Birth Name: | Nora Tynan |
Birth Date: | 15 February 1866 |
Birth Place: | Clondalkin, United Kingdom |
Death Place: | Dublin, Ireland |
Nationality: | Irish |
Occupation: | Poet, novelist |
Relatives: | Katharine Tynan (sister) |
Nora O'Mahony (born Nora Tynan) (born 15 February 1866 in Clondalkin, died 13 December 1954 in Dublin) was an Irish poet and novelist. Her sister was Katharine Tynan.
Nora Tynan was born as one of twelve children of Andrew Cullen Tynan and Elizabeth Tynan (née Reilly). Like her older sister Katharine, she was educated at the Dominican convent of St. Catherine of Siena in Drogheda.[1] From an early age, she showed artistic inclinations, especially the ability to paint flowers. Flowers were also a favourite subject of her youthful poems, and floral motifs are prominent in her later works.

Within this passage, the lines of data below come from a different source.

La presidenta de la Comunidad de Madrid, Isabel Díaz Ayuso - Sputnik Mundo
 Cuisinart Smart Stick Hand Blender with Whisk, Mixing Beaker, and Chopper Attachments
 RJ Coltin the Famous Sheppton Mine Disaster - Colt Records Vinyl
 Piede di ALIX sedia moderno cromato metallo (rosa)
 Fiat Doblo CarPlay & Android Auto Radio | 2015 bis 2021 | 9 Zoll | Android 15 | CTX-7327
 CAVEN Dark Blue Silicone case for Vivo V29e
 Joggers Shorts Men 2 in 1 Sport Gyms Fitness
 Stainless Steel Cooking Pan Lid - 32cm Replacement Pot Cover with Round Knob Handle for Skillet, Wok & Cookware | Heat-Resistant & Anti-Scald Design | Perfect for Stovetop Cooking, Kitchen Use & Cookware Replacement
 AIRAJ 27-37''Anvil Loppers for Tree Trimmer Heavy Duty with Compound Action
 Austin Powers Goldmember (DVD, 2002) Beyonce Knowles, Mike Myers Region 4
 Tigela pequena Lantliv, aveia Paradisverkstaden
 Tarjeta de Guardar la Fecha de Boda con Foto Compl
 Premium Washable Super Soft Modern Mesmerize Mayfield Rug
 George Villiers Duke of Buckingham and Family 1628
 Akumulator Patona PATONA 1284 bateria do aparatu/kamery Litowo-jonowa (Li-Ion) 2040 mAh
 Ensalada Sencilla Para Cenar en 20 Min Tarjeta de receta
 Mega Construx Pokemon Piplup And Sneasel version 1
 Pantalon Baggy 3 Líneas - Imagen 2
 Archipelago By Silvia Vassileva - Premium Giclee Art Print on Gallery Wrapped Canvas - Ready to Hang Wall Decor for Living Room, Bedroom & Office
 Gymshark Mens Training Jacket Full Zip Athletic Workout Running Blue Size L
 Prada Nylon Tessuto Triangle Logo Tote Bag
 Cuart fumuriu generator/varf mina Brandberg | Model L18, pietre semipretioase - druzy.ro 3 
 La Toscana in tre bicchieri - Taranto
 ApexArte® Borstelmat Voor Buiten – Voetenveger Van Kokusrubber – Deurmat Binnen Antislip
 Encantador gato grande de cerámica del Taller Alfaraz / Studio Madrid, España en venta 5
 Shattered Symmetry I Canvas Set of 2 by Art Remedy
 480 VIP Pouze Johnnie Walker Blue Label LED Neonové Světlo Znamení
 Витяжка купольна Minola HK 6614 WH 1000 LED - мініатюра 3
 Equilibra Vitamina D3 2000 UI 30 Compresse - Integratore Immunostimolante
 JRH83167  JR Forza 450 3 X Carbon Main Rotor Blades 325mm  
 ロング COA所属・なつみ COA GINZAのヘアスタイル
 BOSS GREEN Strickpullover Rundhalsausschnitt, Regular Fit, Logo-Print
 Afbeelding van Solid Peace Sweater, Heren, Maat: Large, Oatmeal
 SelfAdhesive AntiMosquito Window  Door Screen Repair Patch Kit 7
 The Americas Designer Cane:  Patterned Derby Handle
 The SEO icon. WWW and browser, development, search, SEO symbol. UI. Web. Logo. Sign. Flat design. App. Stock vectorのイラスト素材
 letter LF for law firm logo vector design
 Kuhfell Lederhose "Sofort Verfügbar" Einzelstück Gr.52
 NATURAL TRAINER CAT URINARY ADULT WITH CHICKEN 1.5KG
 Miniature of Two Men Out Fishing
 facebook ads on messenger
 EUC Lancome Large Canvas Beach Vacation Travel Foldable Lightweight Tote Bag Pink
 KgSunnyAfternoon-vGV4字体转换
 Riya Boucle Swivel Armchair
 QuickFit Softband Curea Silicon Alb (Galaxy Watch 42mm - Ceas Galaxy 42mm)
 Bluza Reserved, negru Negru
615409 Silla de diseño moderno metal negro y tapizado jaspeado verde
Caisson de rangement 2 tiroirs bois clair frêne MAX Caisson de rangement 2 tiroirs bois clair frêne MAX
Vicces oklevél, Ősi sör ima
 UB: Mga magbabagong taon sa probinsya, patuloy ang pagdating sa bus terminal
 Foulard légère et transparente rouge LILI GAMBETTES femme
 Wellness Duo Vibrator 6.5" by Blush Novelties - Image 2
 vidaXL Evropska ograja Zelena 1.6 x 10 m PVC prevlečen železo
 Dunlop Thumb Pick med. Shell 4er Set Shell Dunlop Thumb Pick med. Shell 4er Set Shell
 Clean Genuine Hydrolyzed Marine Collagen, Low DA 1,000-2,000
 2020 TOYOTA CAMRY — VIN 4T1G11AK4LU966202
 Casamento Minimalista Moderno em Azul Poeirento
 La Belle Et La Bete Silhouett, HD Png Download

On 29 April 1895, Nora married John O'Mahony from Cork, a journalist with the Irish Independent since 1891. The couple lived first near Whitehall in Dublin, then in Drumcondra. After her husband's death on 28 November 1904,[2] the family moved to Tallaght.
Possibly Nora O'Mahony's first published work was the short story The Magpie, which appeared in the New Ireland Review in April 1903. In January the following year, her poem "A city of exile" appeared in the Irish Monthly, after which she regularly published poems in this magazine until June 1931. Her poems also appeared in other Irish, English and American magazines, including in the Pall Mall Gazette. The first prose works appeared in Social Review; her article "Neglect of Irish writers" appeared in The Catholic World (April 1908). She was also editor of the Freeman's Journal.
The marriage of Nora and John O'Mahony had three sons including Gerard "Cully" Tynan O'Mahony, the managing editor of The Irish Times and father of comedian Dave Allen.[3] [4]
Nora O'Mahony died in Dublin on 13 December 1954.